> **Exercise directions**: Reproduce the entries below, please. Keep every character the same.
**** Information given ****
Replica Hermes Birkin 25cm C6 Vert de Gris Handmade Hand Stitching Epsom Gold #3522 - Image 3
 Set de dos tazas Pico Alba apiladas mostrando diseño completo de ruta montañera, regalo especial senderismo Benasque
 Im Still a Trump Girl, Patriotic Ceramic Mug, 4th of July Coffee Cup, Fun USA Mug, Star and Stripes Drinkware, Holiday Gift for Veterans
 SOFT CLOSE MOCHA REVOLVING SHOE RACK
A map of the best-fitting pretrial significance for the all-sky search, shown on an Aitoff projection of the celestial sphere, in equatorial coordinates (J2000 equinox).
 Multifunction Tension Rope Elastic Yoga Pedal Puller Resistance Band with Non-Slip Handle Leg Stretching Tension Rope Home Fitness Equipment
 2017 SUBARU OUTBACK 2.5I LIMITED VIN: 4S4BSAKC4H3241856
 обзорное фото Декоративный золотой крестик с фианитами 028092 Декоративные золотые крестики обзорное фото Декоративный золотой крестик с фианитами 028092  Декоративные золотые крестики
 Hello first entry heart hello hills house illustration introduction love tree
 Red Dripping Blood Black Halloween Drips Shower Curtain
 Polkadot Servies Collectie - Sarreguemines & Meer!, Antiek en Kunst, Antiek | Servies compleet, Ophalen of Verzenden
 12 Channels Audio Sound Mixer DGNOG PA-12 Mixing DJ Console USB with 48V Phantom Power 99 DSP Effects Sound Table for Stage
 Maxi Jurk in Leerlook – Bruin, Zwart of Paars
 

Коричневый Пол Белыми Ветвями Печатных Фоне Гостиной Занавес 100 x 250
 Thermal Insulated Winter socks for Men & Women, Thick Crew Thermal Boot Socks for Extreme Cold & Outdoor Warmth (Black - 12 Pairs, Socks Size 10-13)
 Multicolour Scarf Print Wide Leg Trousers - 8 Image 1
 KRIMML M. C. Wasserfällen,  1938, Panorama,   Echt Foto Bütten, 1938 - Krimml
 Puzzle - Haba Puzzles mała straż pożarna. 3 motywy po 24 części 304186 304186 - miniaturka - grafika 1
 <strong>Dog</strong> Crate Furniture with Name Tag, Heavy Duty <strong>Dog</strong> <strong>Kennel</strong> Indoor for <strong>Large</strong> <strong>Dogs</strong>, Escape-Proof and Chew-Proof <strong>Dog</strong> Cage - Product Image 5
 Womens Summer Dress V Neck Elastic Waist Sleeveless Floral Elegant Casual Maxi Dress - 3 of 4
****
> **Output**:
Replica Hermes Birkin 25cm C6 Vert de Gris Handmade Hand Stitching Epsom Gold #3522 - Image 3
 Set de dos tazas Pico Alba apiladas mostrando diseño completo de ruta montañera, regalo especial senderismo Benasque
 Im Still a Trump Girl, Patriotic Ceramic Mug, 4th of July Coffee Cup, Fun USA Mug, Star and Stripes Drinkware, Holiday Gift for Veterans
 SOFT CLOSE MOCHA REVOLVING SHOE RACK
A map of the best-fitting pretrial significance for the all-sky search, shown on an Aitoff projection of the celestial sphere, in equatorial coordinates (J2000 equinox).
 Multifunction Tension Rope Elastic Yoga Pedal Puller Resistance Band with Non-Slip Handle Leg Stretching Tension Rope Home Fitness Equipment
 2017 SUBARU OUTBACK 2.5I LIMITED VIN: 4S4BSAKC4H3241856
 обзорное фото Декоративный золотой крестик с фианитами 028092 Декоративные золотые крестики обзорное фото Декоративный золотой крестик с фианитами 028092  Декоративные золотые крестики
 Hello first entry heart hello hills house illustration introduction love tree
 Red Dripping Blood Black Halloween Drips Shower Curtain
 Polkadot Servies Collectie - Sarreguemines & Meer!, Antiek en Kunst, Antiek | Servies compleet, Ophalen of Verzenden
 12 Channels Audio Sound Mixer DGNOG PA-12 Mixing DJ Console USB with 48V Phantom Power 99 DSP Effects Sound Table for Stage
 Maxi Jurk in Leerlook – Bruin, Zwart of Paars
 

Коричневый Пол Белыми Ветвями Печатных Фоне Гостиной Занавес 100 x 250
 Thermal Insulated Winter socks for Men & Women, Thick Crew Thermal Boot Socks for Extreme Cold & Outdoor Warmth (Black - 12 Pairs, Socks Size 10-13)
 Multicolour Scarf Print Wide Leg Trousers - 8 Image 1
 KRIMML M. C. Wasserfällen,  1938, Panorama,   Echt Foto Bütten, 1938 - Krimml
 Puzzle - Haba Puzzles mała straż pożarna. 3 motywy po 24 części 304186 304186 - miniaturka - grafika 1
 <strong>Dog</strong> Crate Furniture with Name Tag, Heavy Duty <strong>Dog</strong> <strong>Kennel</strong> Indoor for <strong>Large</strong> <strong>Dogs</strong>, Escape-Proof and Chew-Proof <strong>Dog</strong> Cage - Product Image 5
 Womens Summer Dress V Neck Elastic Waist Sleeveless Floral Elegant Casual Maxi Dress - 3 of 4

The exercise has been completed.